La escena era inolvidable. Los inspectores, con lista en mano, se apostaban en el altillo para llamar a los estudiantes, uno por uno. La pregunta era simple, pero cargada de ansiedad: «¿Sabes nadar?» Para aquellos que respondían «no», la incertidumbre se mezclaba con la expectativa. A un lado de la piscina, otro estudiante esperaba con una garrocha en mano, listo para socorrer a los que, inevitablemente, necesitarían ayuda.

El agua helada de la piscina y la falta de un adecuado traje de baño no ayudaban a calmar los nervios. La mayoría de los alumnos solo vestían su pantaloneta de deporte, lo que hacía que el desafío fuera aún más incómodo. Sin embargo, para muchos, la parte más difícil no era el salto en sí, sino enfrentar el miedo y dar ese paso hacia lo desconocido.

Entre los recuerdos que dejaron huella, hay historias que se cuentan con una mezcla de incredulidad y risas. Como aquella vez en que un alumno, presa del pánico, al momento de saltar se aferró a la ropa del inspector, arrastrándolo con él al agua. La ironía del momento era que muchos de los inspectores tampoco sabían nadar, lo que hacía que la escena fuera aún más surrealista.

A pesar de las dificultades y el frío, este rito de iniciación era una experiencia compartida que unía a los estudiantes. Era una especie de lección no oficial, donde se aprendía que la vida a veces te lanza al agua fría, y que está bien tener miedo, pero también es importante enfrentarlo.

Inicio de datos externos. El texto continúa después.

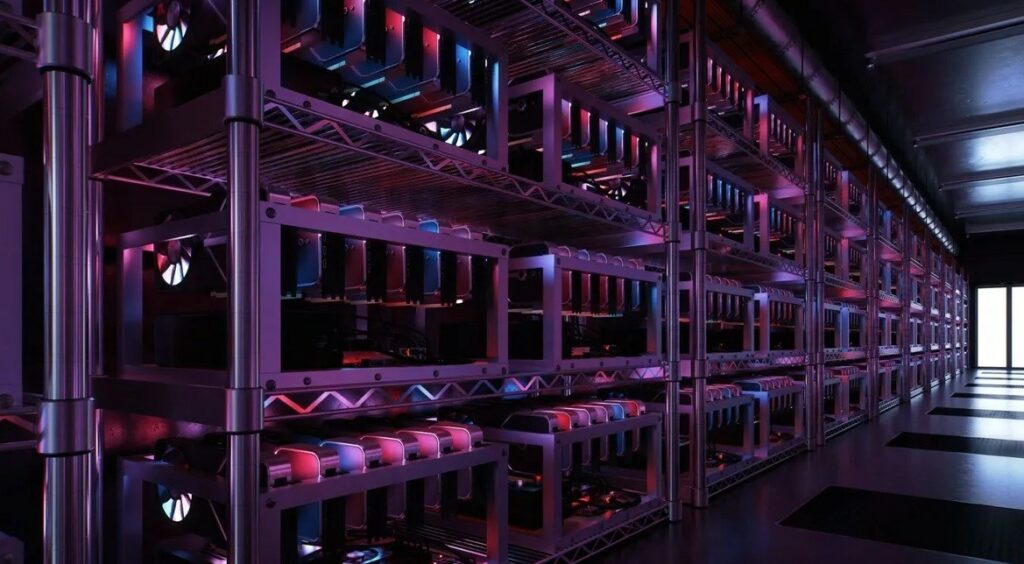 bitcoinmining
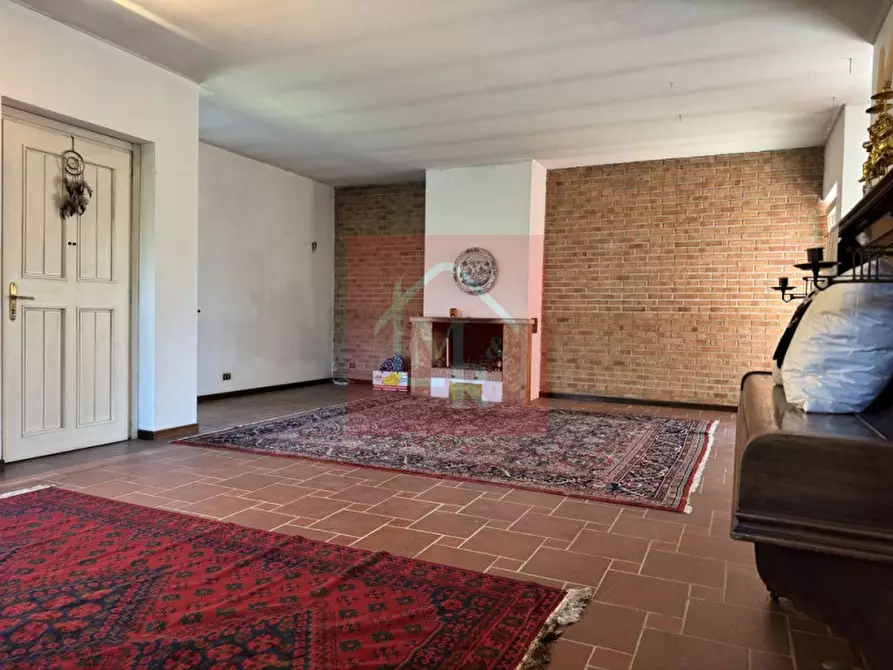 Immagine 6 di Casa indipendente in vendita  in Via Silvio Montes 9 a Staranzano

Con el tiempo, este peculiar ritual se ha convertido en una anécdota que muchos exalumnos del Colegio Vicente León recuerdan con nostalgia y una sonrisa. Lo que en su momento parecía una prueba abrumadora, hoy es visto como una experiencia que les enseñó a superar temores, a confiar en sus compañeros y, en cierto modo, a sumergirse en los desafíos de la vida.

La piscina del colegio no era solo un lugar para nadar; era un espacio donde los estudiantes aprendían, de manera literal y metafórica, a dar el salto. Una tradición que, aunque poco convencional, dejó una marca imborrable en el corazón de todos aquellos que alguna vez estuvieron en ese altillo, mirando el agua y enfrentando su primer gran desafío como vicentinos.